Liam’s story is a heartbreaking reminder that lung cancer is not confined to those who smoke. It’s a wake-up call to patients, families, and healthcare professionals alike: lung cancer can strike anyone—regardless of lifestyle, age, or medical history.
Liam, who had red hair and dyslexia, often found himself subject to ridicule growing up. Later, his anxiety became a quiet undercurrent of his identity—something that doctors all too readily used as a blanket explanation for any new symptoms. When he reported persistent chest pain, shortness of breath, and palpitations, these signs were attributed to psychological stress.
His mother, Lynn Handley, still wonders how such critical symptoms could be missed. “Liam did not fit the stereotypical image of a lung cancer patient. He was young, a non-smoker, and in relatively good shape,” she said. “It wasn’t in our heads—and it clearly wasn’t in the GP’s either. And that’s the problem.”
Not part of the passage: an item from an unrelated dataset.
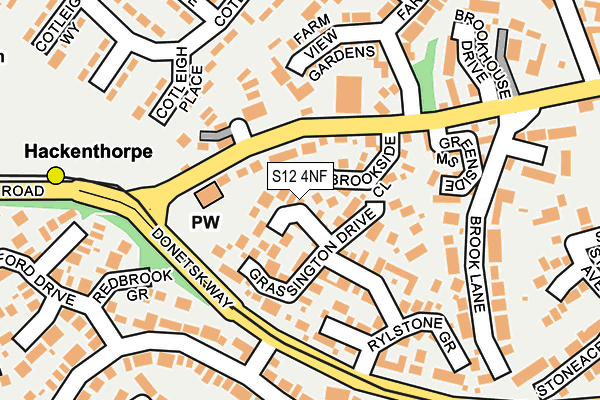 S12 4NF map - OS OpenMap – Local (Ordnance Survey)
When Liam’s symptoms intensified in mid-2020, his father took him to the hospital fearing a heart attack. Doctors discovered blood clots in his lungs—a red flag for a more serious underlying issue—but treated the clots with blood thinners and planned a CT scan that never happened due to COVID-19 delays.
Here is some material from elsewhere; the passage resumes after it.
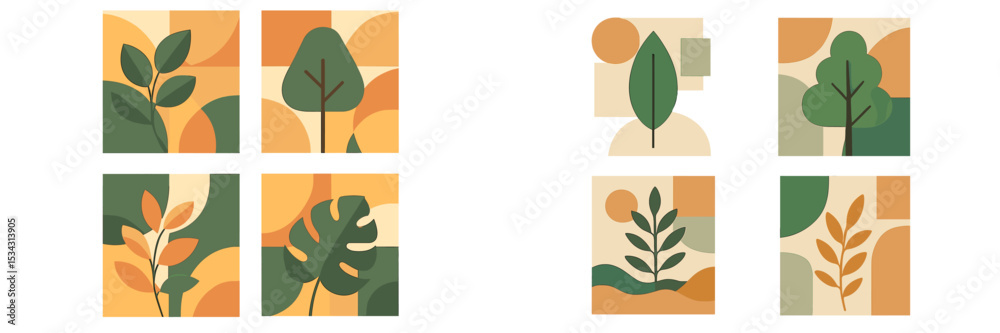 Poster stylish vector flat illustration of leafy plants and abstract shapes in warm autumn colors for moder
As weeks passed, Liam's pain spread to his shoulders and lower back. He was prescribed stronger pain medication, but still, no further imaging or diagnostic testing was conducted by the public healthcare system. Eventually, the family paid out-of-pocket for a private CT scan. That scan changed everything.
Liam was diagnosed with metastatic lung adenocarcinoma, a form of non-small cell lung cancer that had already spread to his liver, spine, lymph nodes, and bones. The subtype—EGFR Exon19 positive—is a genetically driven mutation that disproportionately affects non-smokers and younger patients.
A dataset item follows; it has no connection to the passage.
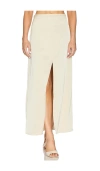 Astr Vitella Satin Midi Skirt In Ecru In Ecru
Despite being given just 5-6 weeks to live, Liam initially responded well to targeted therapy with Osimertinib, chemotherapy, and immunotherapy. He even married his long-term partner Louise in a quiet ceremony. For a brief moment, life seemed to regain some normalcy.
But by April 2021, the cancer had progressed. His treatments stopped working, and Liam’s health began to deteriorate rapidly. Dependent on oxygen, and weakened by disease, Liam passed away in October 2021—just shy of his 37th birthday.
Lynn Handley is now committed to raising awareness about lung cancer in people who don’t smoke. “We were angry. It took nine months for Liam to get a diagnosis. Those were months we could have used to fight harder, to plan better, to say goodbye on our own terms.”
Her advocacy isn’t just rooted in grief—it’s a call to action for healthcare systems and patients around the world.
Contrary to long-held assumptions, a significant proportion of lung cancer cases now occur in people with no history of smoking. The American Cancer Society reports that approximately 10-20% of lung cancers in the U.S. are found in non-smokers, often attributed to genetic mutations like EGFR, environmental exposures, or radon gas.
These cases are more common in women, younger adults, and individuals of East Asian descent, but—as Liam’s story demonstrates—they can affect anyone.
Lung cancer symptoms can mimic less serious conditions, which is why they’re often dismissed or misdiagnosed. If you experience the following symptoms persistently, don’t ignore them—regardless of your age or smoking history:
Liam’s story is not just about a misdiagnosis—it’s about systemic bias. The assumption that lung cancer is a “smoker’s disease” delays diagnoses in healthy, younger adults. Primary care physicians and specialists must rethink their criteria for imaging and referrals. As Lynn Handley put it, “Why wasn’t a chest X-ray even considered?”
The COVID-19 pandemic added another barrier to care—delaying critical scans and overwhelming systems worldwide. But the cost of that delay, in Liam’s case, was irreversible.
If you're experiencing unexplained respiratory symptoms—don’t hesitate to ask for further investigation. Insist on imaging. Seek second opinions. Cancer doesn’t always follow the rulebook, and neither should your approach to protecting your health.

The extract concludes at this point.